Our app already terminates when all work has been done. All processes will exit in a nicely manner.

We'll test auto shutdown tomorrow.

sacdallago commented 7 years ago

yeah sure the app terminates, but no the VM on which it is running :) that is money

lukasstreit commented 7 years ago

This does not work, I tried it out. We can instead use a script that runs something like "az vm undeploy ..." for each vm once the processing is finished. This would have to be done manually though.

We might also be able to write a script that regularly checks queue size and runs the command once the queue is empty.

felixschorer commented 7 years ago

We might also be able to write a script that regularly checks queue size and runs the command once the queue is empty.

Workers don't remove items from the queue immediately though. They just set an item to invisible for 30 minutes and only remove it if they've finished processing it. So the question is, will the queue be shown empty when there a still items which are set to invisible?

lukasstreit commented 7 years ago

Good point. We should stick with with manual shutdown for now in my opinion. progress-checker.js can be used to check how far along our processing is.

felixschorer commented 7 years ago

We should still add && shutdown 0 though. That way we only pay for the hardware and not the usage as well? It'll also indicate, that a worker has finished.

pfent commented 7 years ago

uhm, might sound crazy, but: Couldn't a VM undeploy itself with az vm undeploy once it is finished? Might be worth just trying that on a separate VM for 💩 and 😆 …

lukasstreit commented 7 years ago

I had that thought as well but to me the problem is that the az commands require you to manually follow a login link and enter a code to login.. I didn't have any ideas yet about how to circumvent that :( Otherwise it would probably be possible

kordianbruck commented 7 years ago

As we changed to the queue, this should be less of a problem?

A worker will work till theres no work left.
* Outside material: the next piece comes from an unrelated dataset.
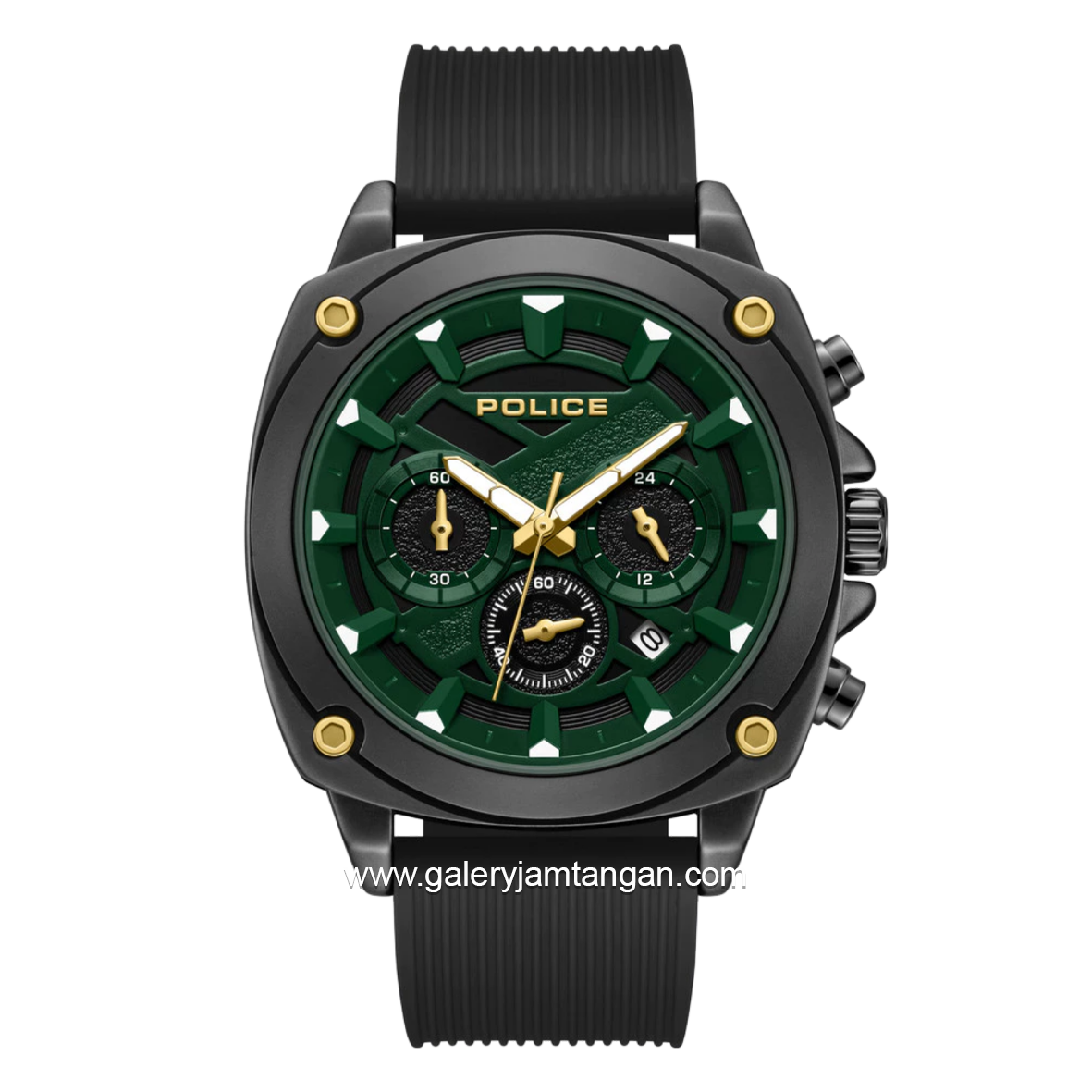 POLICE BOLT PEWGO2240202 Black Dial Green Silicone Strap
The case of previously idle workers will happen like almost never. We just need a cleanup routine that undeploys everything once the queue is empty.

felixschorer commented 7 years ago

[...] once the queue is empty.

Well, as I wrote earlier, we should test what "empty" means. Does it mean there are no items at all in the queue or does it mean there are no visible items left. Workers set queue items to invisible for 30 minutes and only really remove them if they've offloaded everything to the storage / DB.

EDIT: We've just tested it. Invisible items still count towards the queue size.

felixschorer commented 7 years ago

Now, that we have queue monitoring implemented, we can close this.